Shental, J. Hoydis, “’Machine LLRning’: Learning to Softly Demodulate”, https://arxiv.org/abs/1907.01512

is a simple neural network model that takes equalizer outputs, i.e. the complex-valued equalized symbols, as its input and outputs the corresponding log-likelihood ratios (LLRs) for each bit. This model is used to demonstrate the whole ML design flow using Aerial, from capturing the data to deploying the model into 5G NR PUSCH receiver, replacing the conventional soft demapper in cuPHY. In this notebook a dataset is generated. We use pyAerial to call cuPHY functionality to get equalized symbols out for pre-captured/-simulated Rx data, as well as the corresponding log-likelihood ratios from a conventional soft demapper.

[1]:

# Check platform.
import platform
if platform.machine() != 'x86_64':
    raise SystemExit("Unsupported platform!")

Imports#

[2]:

import os
os.environ["CUDA_VISIBLE_DEVICES"] = "0"

from cuda import cudart
import numpy as np
import pandas as pd
from tqdm.notebook import tqdm
from IPython.display import Markdown
from IPython.display import display

from aerial.phy5g.algorithms import ChannelEstimator
from aerial.phy5g.algorithms import NoiseIntfEstimator
from aerial.phy5g.algorithms import ChannelEqualizer
from aerial.phy5g.algorithms import Demapper
from aerial.phy5g.ldpc import LdpcDeRateMatch
from aerial.phy5g.ldpc import LdpcDecoder
from aerial.phy5g.ldpc import CrcChecker
from aerial.phy5g.config import PuschConfig
from aerial.phy5g.config import PuschUeConfig
from aerial.util.data import PuschRecord
from aerial.util.data import load_pickle
from aerial.util.data import save_pickle
from aerial.util.fapi import dmrs_fapi_to_bit_array

import warnings
warnings.filterwarnings("error")

Load the source data#

The source data can be either real data collected from an over the air setup, or synthetic data generated by simulation.

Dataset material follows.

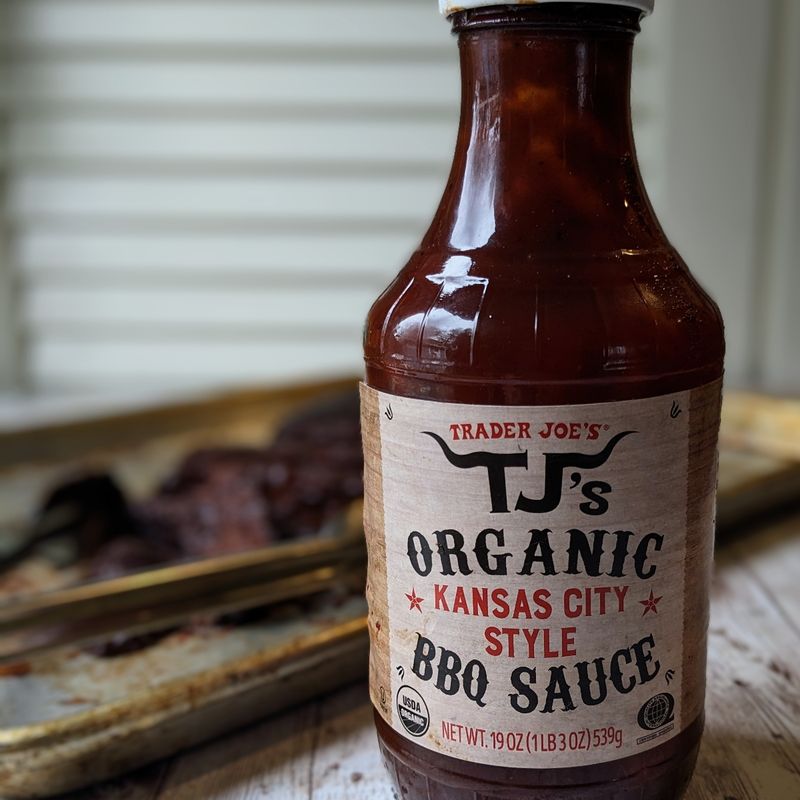 Trader Joe’s Kansas City Style BBQ Sauce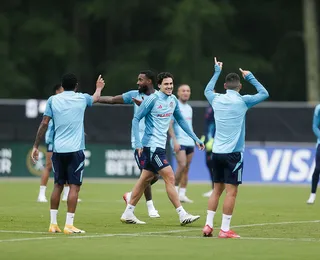Saiba como chega o Flamengo, atração brasileira desta segunda no Mundial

Note: This notebook uses data generated using this notebook: Using pyAerial for data generation by simulation, which needs to be run before this notebook.

[3]:

# This is the source data directory which is assumed to contain the source data.
DATA_DIR = "data/"
source_dataset_dir = DATA_DIR + "example_simulated_dataset/QPSK/"
# This is the target dataset directory. It gets created if it does not exist.
target_dataset_dir = DATA_DIR + "example_llrnet_dataset/QPSK/"
os.makedirs(target_dataset_dir, exist_ok=True)

# Load the main data file.
try:
    df = pd.read_parquet(source_dataset_dir + "l2_metadata.parquet", engine="pyarrow")
except FileNotFoundError:
    display(Markdown("**Data not found - has example_simulated_dataset.ipynb been run?**"))

print(f"Loaded {df.shape[0]} PUSCH records.")

Loaded 12000 PUSCH records.

Dataset generation#

Here, pyAerial is used to run channel estimation, noise/interference estimation and channel equalization to get the equalized symbols, corresponding to the LLRNet input, as well as the log-likelihood ratios, corresponding to the LLRNet target output.

[4]:

cuda_stream = cudart.cudaStreamCreate()[1]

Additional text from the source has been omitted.